Bizi daha uzaklara götürecek otomobillerimiz, vagonlarımız ve uçaklarımız var… Ama uzaklarda görülecek çok şey kalmadı. Aynıyız.
Her şeyi daha gerçekçi kılan özel efektlerimiz, pahalı animasyonlarımız var… Ama peşinden gidilecek hiç bir masal göremiyorum ortalıkta.
80’lerde televizyonlarımız renkleniyor ve yaşamlarımız kararıyorken; şimdilerde telefonlar akıllanırken, türümüz sapıtıyor…
Bugünlerde kendimi ifade edebileceğim daha çok mecra olabilir belki, ama gerçek ve belirlenmemiş bir “kendim” kaldı mı? Bilmiyorum.
Ironik bir biçimde bu kendimden; bu nesnesi olmayan aksimden başka anlatacak, fotograflayacak ya da gösterecek hiçbirşeyim yok dünyaya…Düşüncelerinizle ilgilenebilirim; ancak benimle ilgili oldukları zaman…
Söyleyeceklerinizi dinleyebilirim; ancak benden bahsettiğiniz kadarıyla…

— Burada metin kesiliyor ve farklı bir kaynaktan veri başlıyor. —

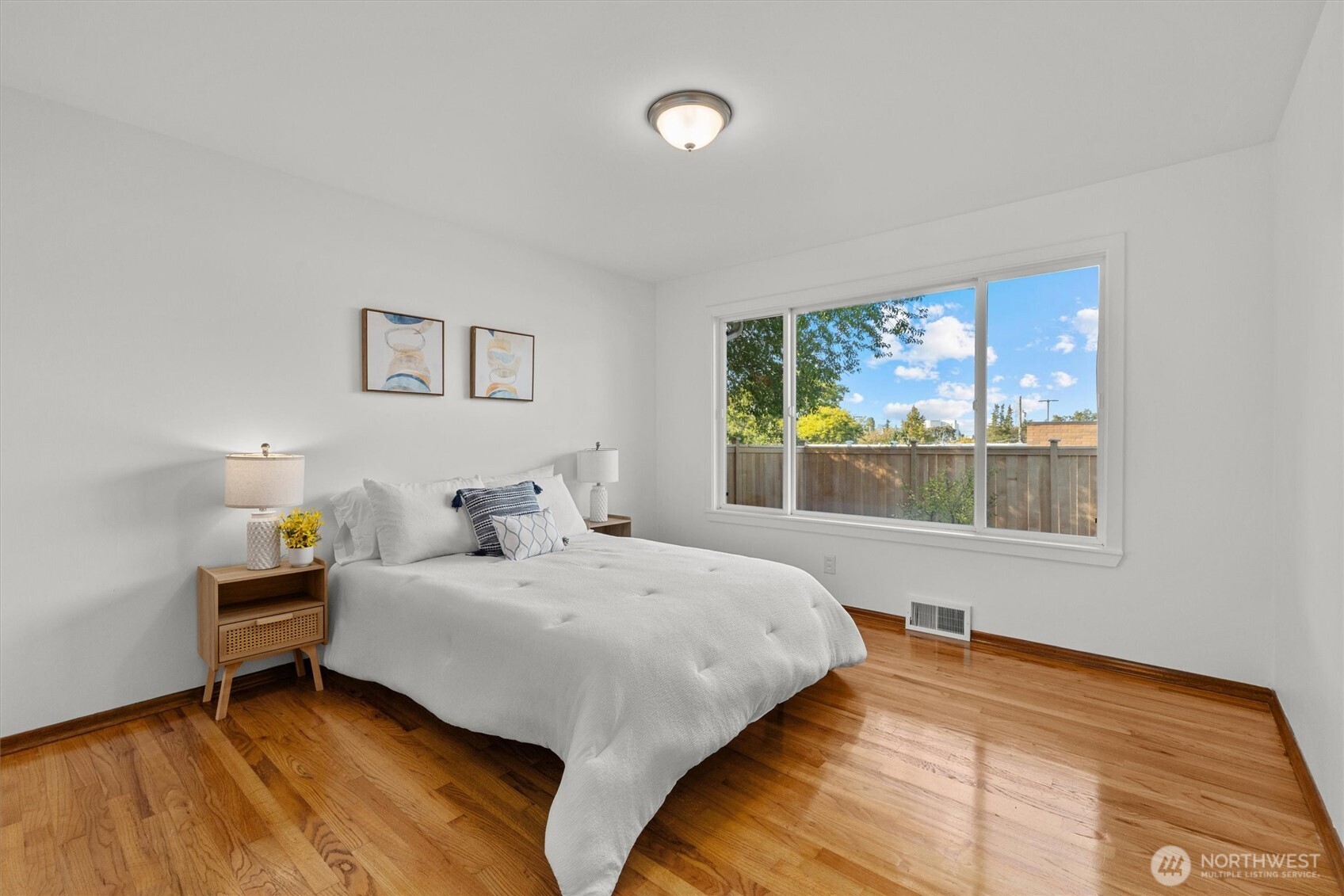 property viewer photo 8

Türümüz tarihin bir yerinde sanayiyle sevişti… Aşklarının meyvası şimdi dijital fetişizmi deneyimliyor…
Her seferinde daha az insanız gibi ve her seferinde daha çok makina…
Bana para karşılığında satmadığın hiç bir şeyi değerleyemiyorum artık… Piyasadan bulmadığım herşey kıymetsiz.

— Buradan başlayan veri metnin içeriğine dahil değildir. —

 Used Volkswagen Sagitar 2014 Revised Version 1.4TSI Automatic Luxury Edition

Hiç kazanmadığım kadar çok borcum; sahip olduklarım ve olamadıklarım kadar derdim var…
Sadece istiyorum…
Hiç doymayan kocaman bir ağızım ben. Hiç dolmayan kocaman bir delik… Bir dipsiz kuyu…
Şimdi bırakalım bütün bunları da benden bahsedelim… Cümleleri ben ısmarlayacağım ve sen “aynen…” diye yudumlayacaksın.